Hillary Busis of Entertainment Weekly said, "Tonight’s two-hour finale, though, indicates that Once is stepping away from that formula. Next season won’t center on our heroes rallying together to defeat some flashy, newly introduced foe based on a classic Disney villain." She then noted, "The last thing Once ever needs is more characters, and Merlin notwithstanding, tonight’s cliffhangers indicate a show that’s trying to get back to basics. Expect to spend the bulk of next season—or at least its first half—with the show’s main ensemble, rather than a new batch of screen-time-hogging allies and antagonists. (Well, unless everyone ends up taking an extended trip to Camelot.)"

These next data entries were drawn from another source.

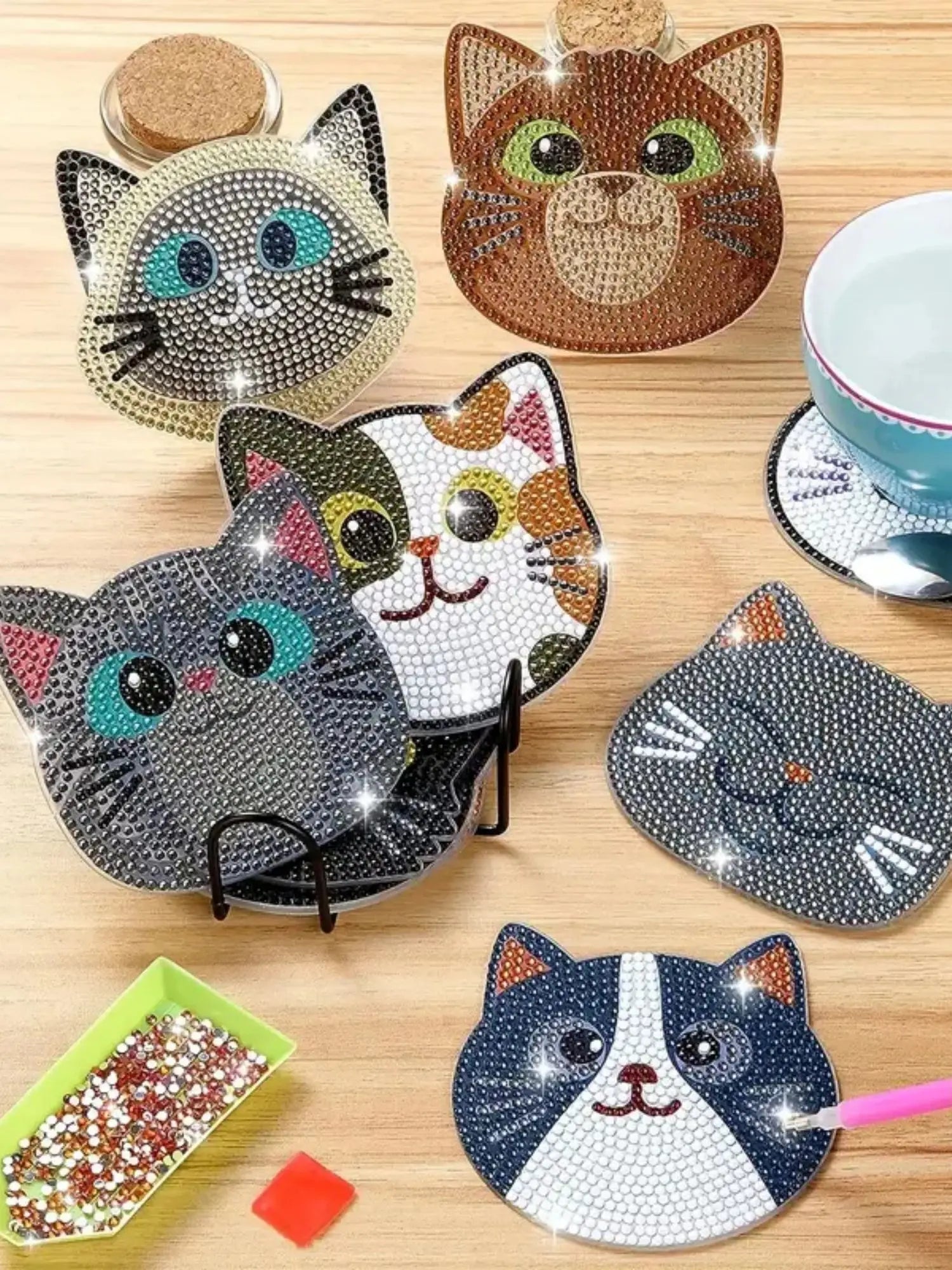 Diamond Painting Coasters Set with Cartoon Cat Design - Smarsty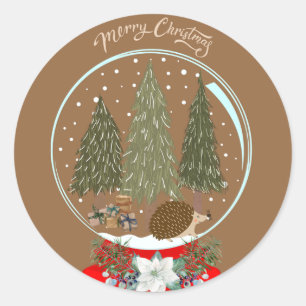 Christmas Hedgehog Snow Wereldbol Sticker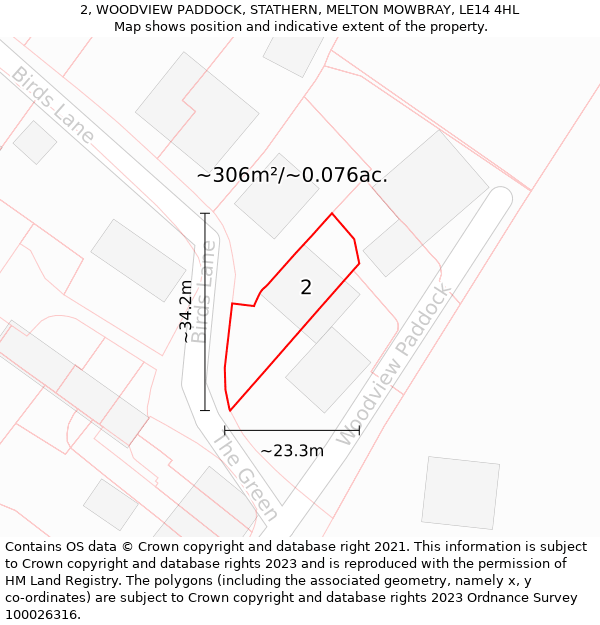 2, WOODVIEW PADDOCK, STATHERN, MELTON MOWBRAY, LE14 4HL: Plot and title map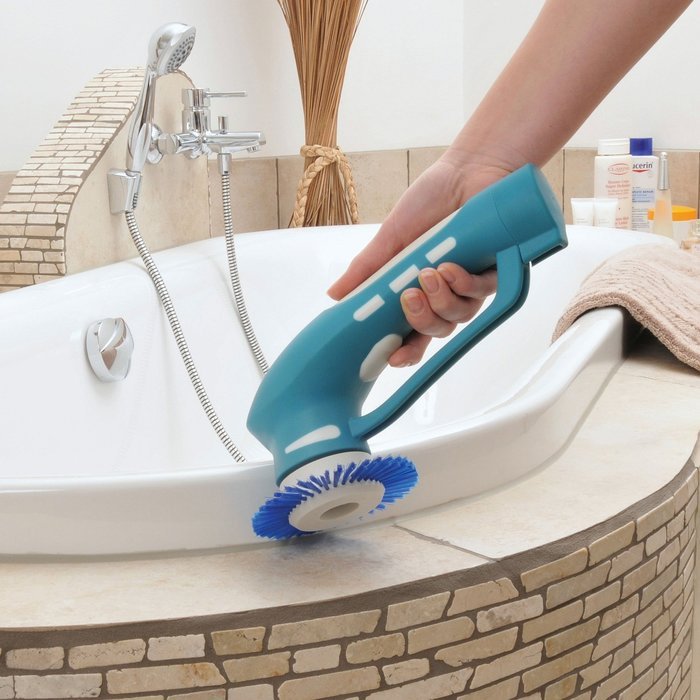 Metapo Power Scrubber PS200 with 2 Rechargeable Batteries, 4 Brushes and 1 Scouring Pad. Great for Bathroom, Shower... N4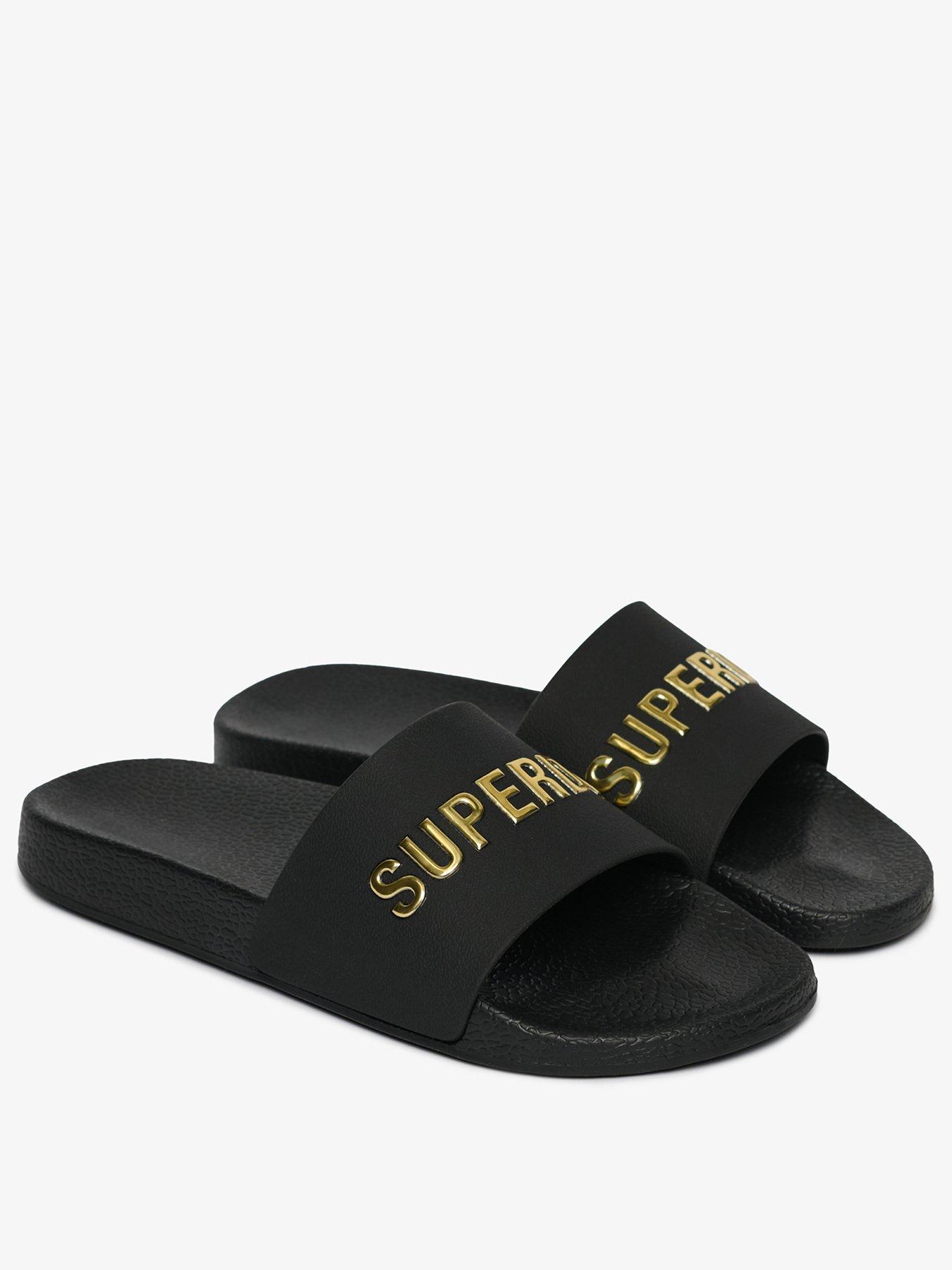 Superdry Premium Metallic Pool Slide - Black | Very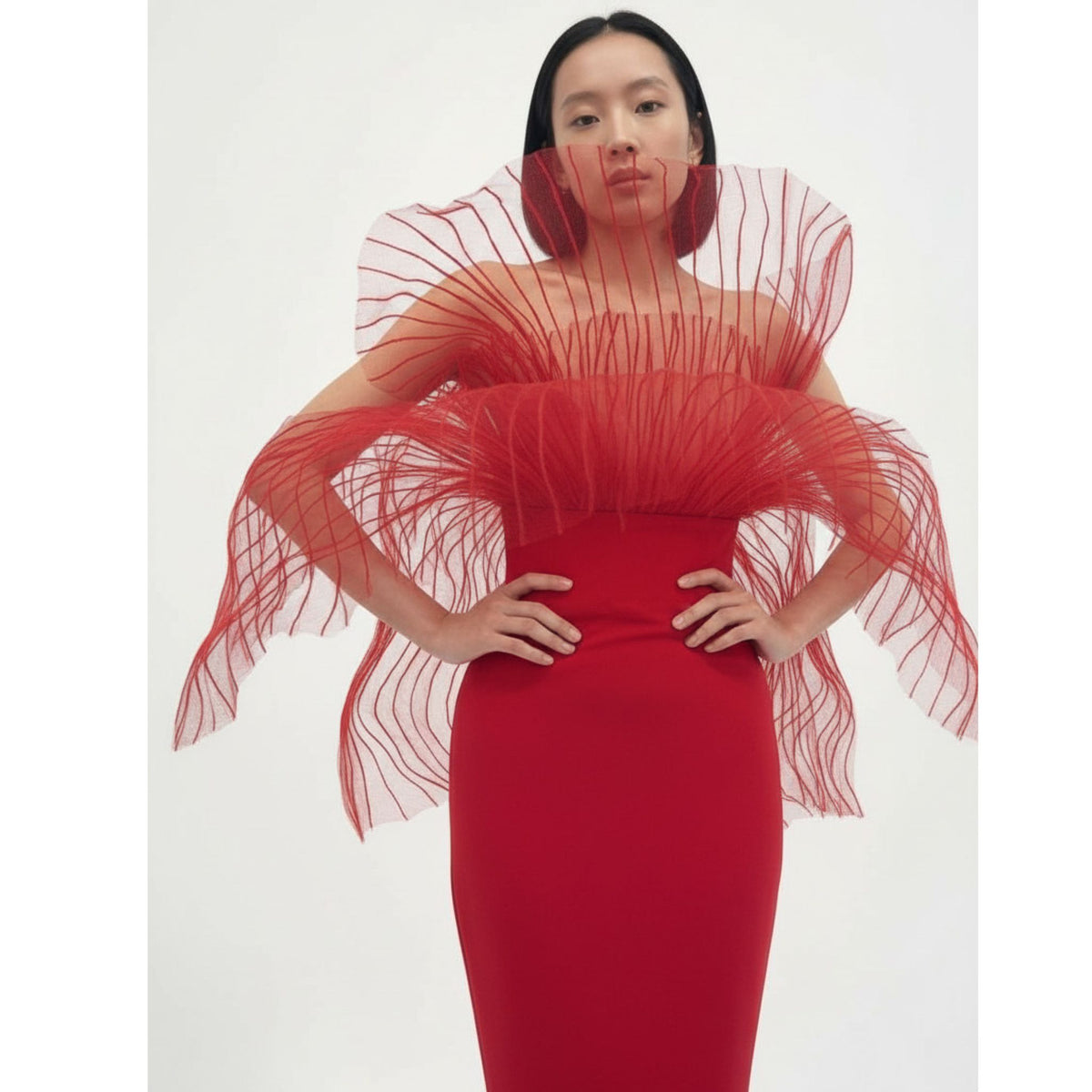 Red Marmaid Structured Gown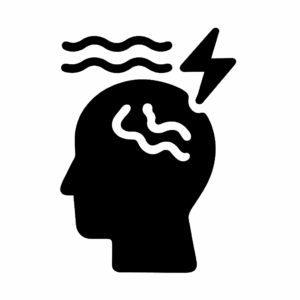 Schwarzes Icon eines Kopfes mit Wellenlinien und Blitz – Darstellung für innere Unruhe, Nervosität und Stress im Alltag.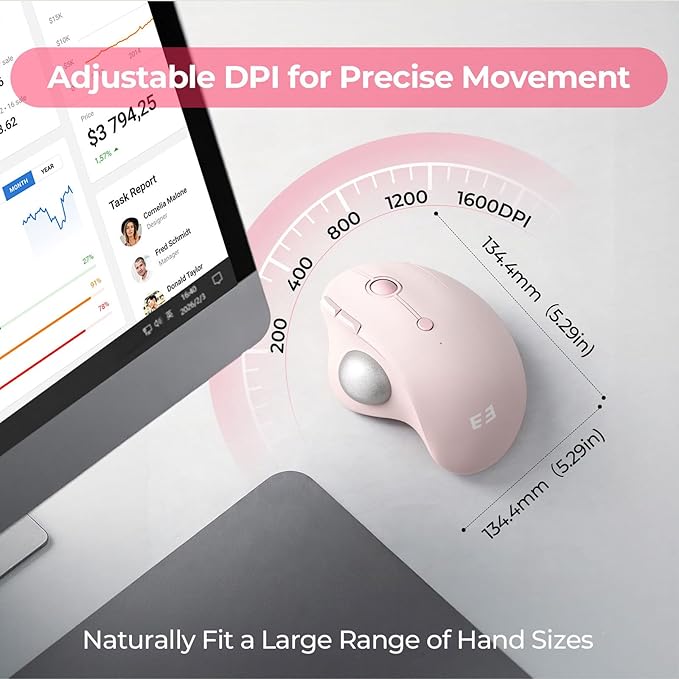 seenda Wireless Trackball Mouse, Ergonomic Bluetooth Rollerball Mouse Rechargeable, 3 Device Connection Optical Mice Adjustable DPI Thumb Control Mice Compatible for PC/Laptop/Windows/Mac - Rose Pink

Amy Ratcliffe of IGN said of the episode, "The Season 4 finale of Once Upon a Time relished in the lighthearted aspects of telling a story set in a fairy tale world while also hitting some emotional notes and developing characters in new ways. They also took a bold step forward by turning The Savior into the Dark One. The inventive twist opens the door to so many opportunities, and it's heartening to see the series continuing to change the game." Ratcliffe gave the episode a 9.2 rating out of 10.

In a review from Rickey.org, Nick Roman said, "Once Upon a Time topped itself in ways I didn’t expect with "Operation Mongoose": the two-hour movie event delivered a season finale that could have played out as a series finale, if the show had not already been renewed for Season 5. But if the show can keep up this level of storytelling into its fifth year, then I’m glad it’s not going anywhere. This was easily the show’s best season finale yet."

Christine Orlando of TV Fanatic gave the episode a 4.7 out of 5 stars.

The ending scene with Emma going dark ranked number two in Entertainment Weekly's Season Finale Awards for "Twist You Saw Coming a Mile Away." Lily ranked number three for "Breakout Character." The finale placed fourth for "Biggest Regret That I Didn't Watch Live."